Cashflow solutions to protect your businesses from coronavirus impact


Sydney – 19 March 2020

Small- and medium-sized businesses need to focus now on managing their cashflows to protect their business as the COVID-19 coronavirus spreads, according to Australian Invoice Finance.

“Just as SMEs should have plans to safeguard the health of their employees, it’s critical that they also have plans in place to protect their cashflow and their business,” said Mr Greg Charlwood, Managing Director of Australian Invoice Finance.

“The COVID-19 outbreak is rapidly causing many Australians to change their behaviour. Travel bans, larger numbers of people working from home, and self-isolation as a result of suspected illness are leading to cashflows for many small businesses coming under increasing pressure. While Federal and state government measures will provide some support and stimulus, business conditions are changing daily.

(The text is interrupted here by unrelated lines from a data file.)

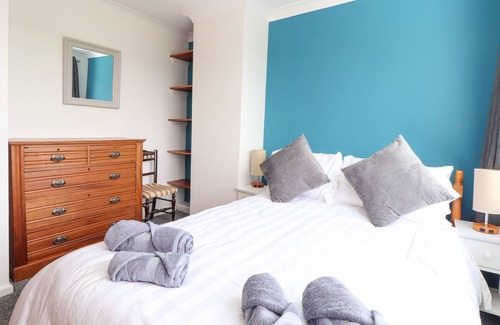 Penryn House | MOORSTONE, family friendly, with open fire in Mabe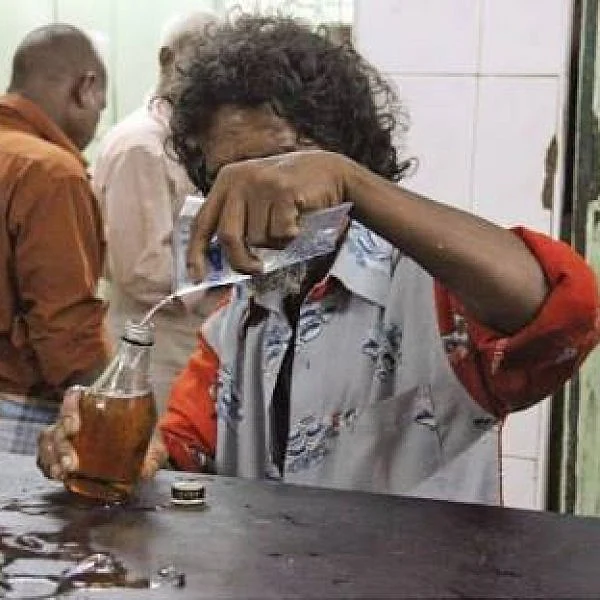 பள்ளிகளுக்கு அருகில் டாஸ்மாக் மதுபானக் கடை! - பெரியகுளம் மக்கள் புகார்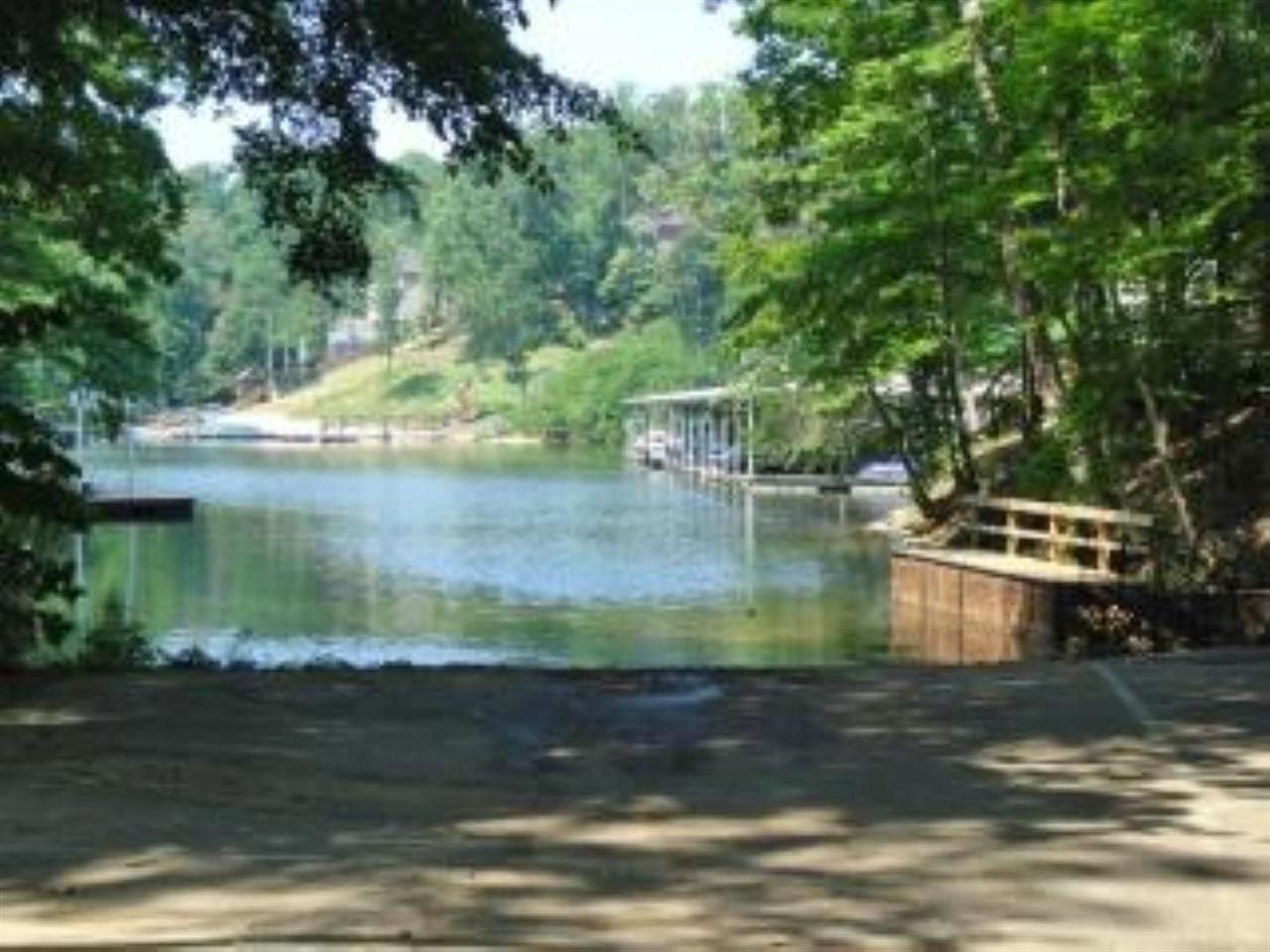 2 Point Grand Dr Property Photo 25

“Lenders are adjusting their credit criteria, and support from traditional lenders may become less available. Credit insurance may also be harder to secure, and some invoice financiers will only provide funding based on the debtors being credit insured to a credit limit. These limits are likely to be harder to obtain and maintain at current levels.

“Small business owners need to think carefully about alternative potential methods of managing their cashflow, financing their day-to-day activities, and ensure they’re able to survive in a very different business environment,” Mr Charlwood said.

Mr Charlwood recommended that small business owners immediately revisit their assumptions and estimate the impact of different falls in business activity, cashflow, and revenue.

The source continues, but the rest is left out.